*** Begin section ***

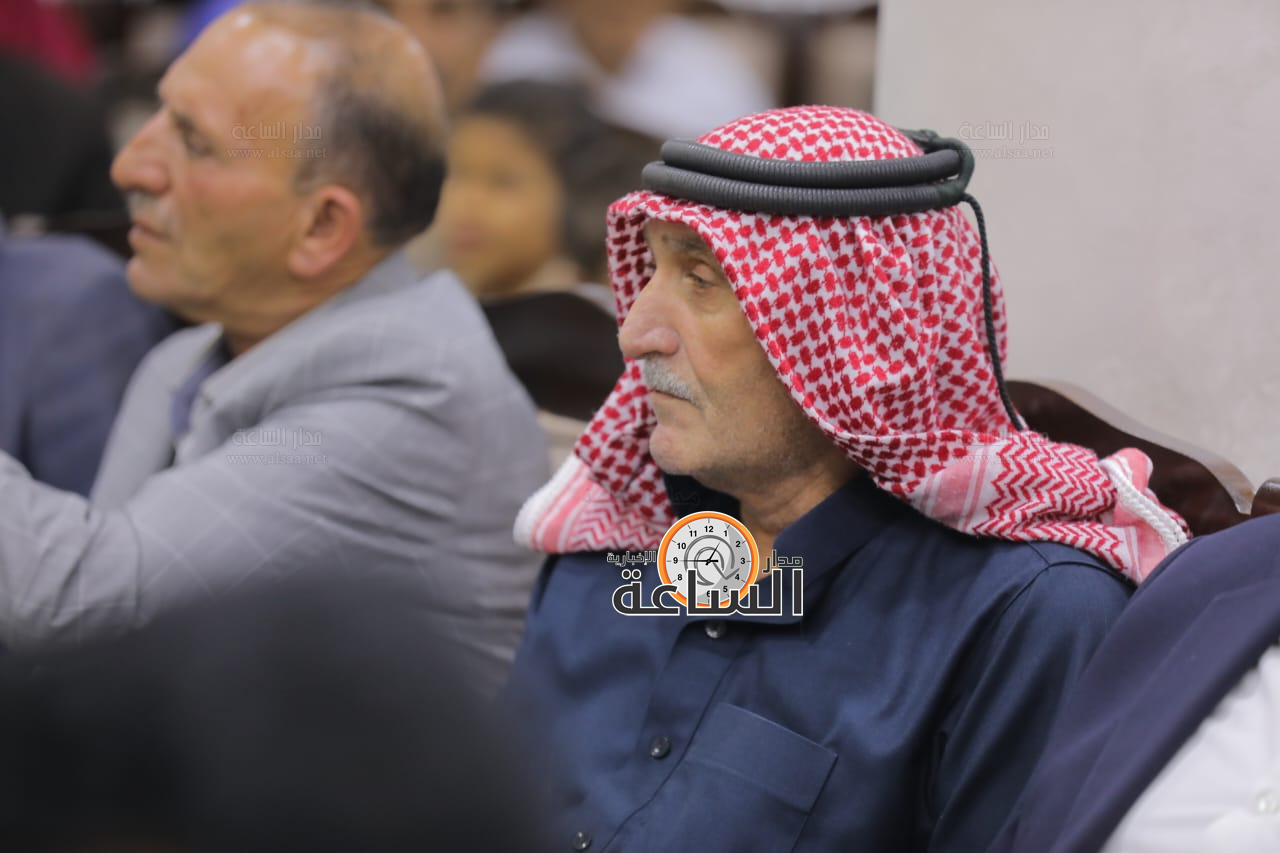 Madar Al-Saa Images 0.9877476162604355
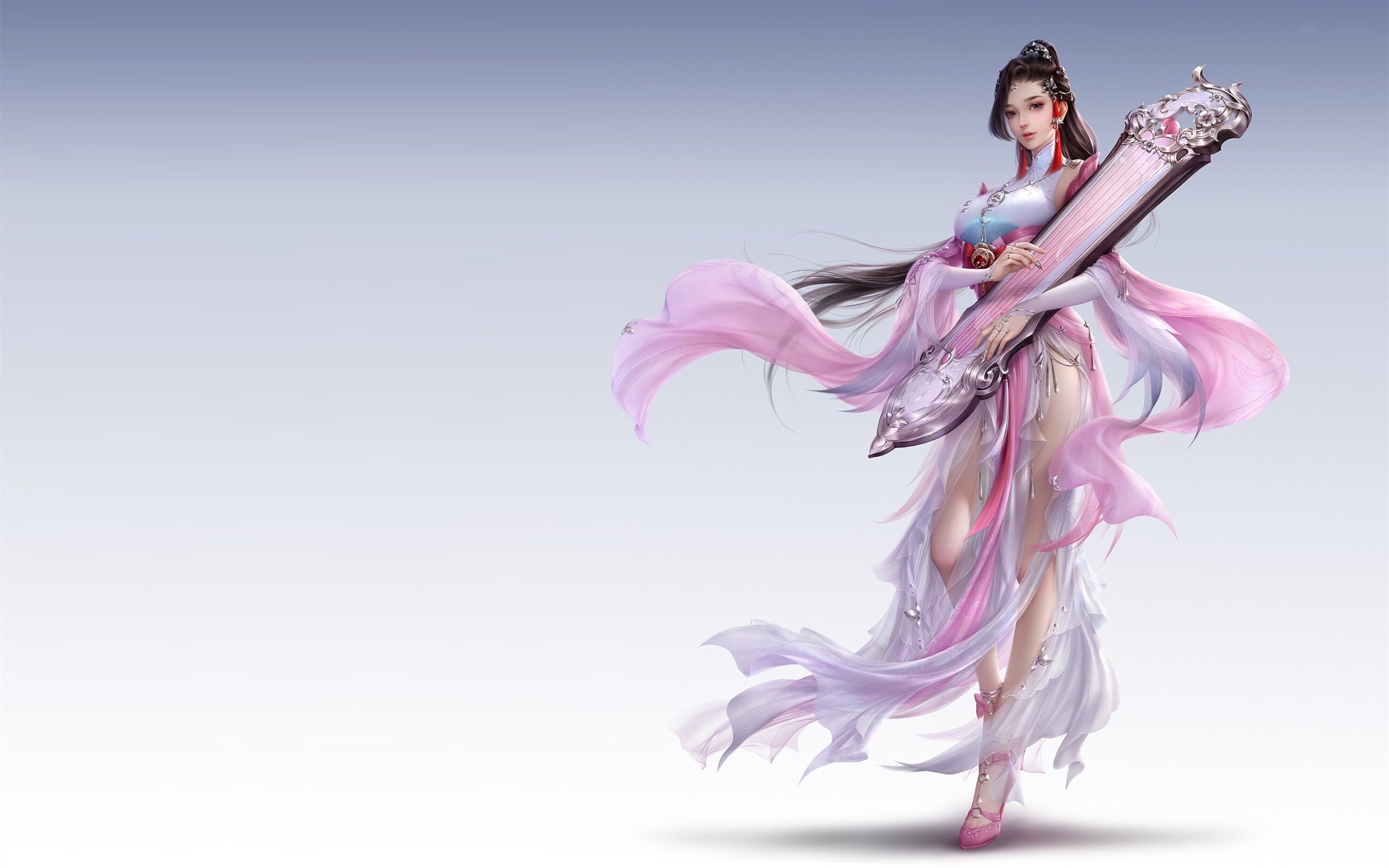 开云体育app-东欧铁骑横扫北非雄狮，2026世界杯四分之一决赛，保加利亚大胜摩洛哥，京多安闪耀全场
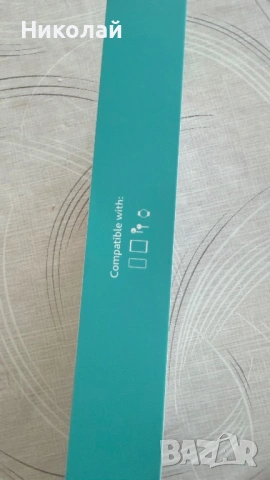 ttec powerbank (външна батерия) 10 000mAh, снимка 4 - Външни батерии - 54119793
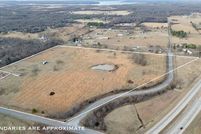 Property for sale in Mayes County, Oklahoma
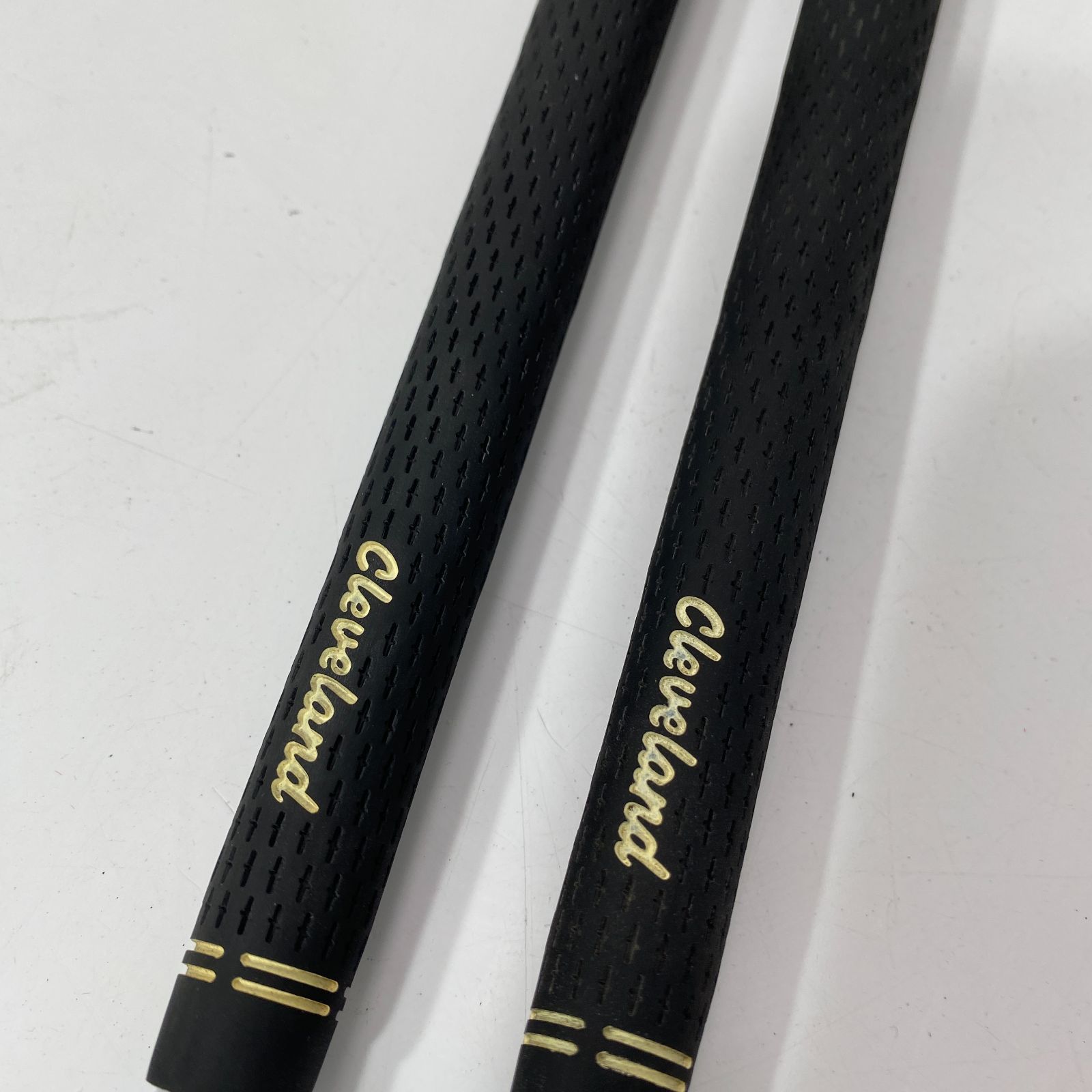 Cleveland 588 RTX 2.0 PRECISION FORGED 48° / 60° 男性右利き 純正スチール Dynamic gold S200 BBL0228・大2811 Cleveland 588 RTX 2.0 PRECISION FORGED 48° / 60° 男性右利き 純正スチール Dynamic gold S200 BBL0228・大2811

*** End section ***

REQUIREMENT >>
Without including any pictures, return every line of the records exactly.

RESPONSE AREA >>
 Madar Al-Saa Images 0.9877476162604355
 开云体育app-东欧铁骑横扫北非雄狮，2026世界杯四分之一决赛，保加利亚大胜摩洛哥，京多安闪耀全场
 ttec powerbank (външна батерия) 10 000mAh, снимка 4 - Външни батерии - 54119793
 Property for sale in Mayes County, Oklahoma
 Cleveland 588 RTX 2.0 PRECISION FORGED 48° / 60° 男性右利き 純正スチール Dynamic gold S200 BBL0228・大2811 Cleveland 588 RTX 2.0 PRECISION FORGED 48° / 60° 男性右利き 純正スチール Dynamic gold S200 BBL0228・大2811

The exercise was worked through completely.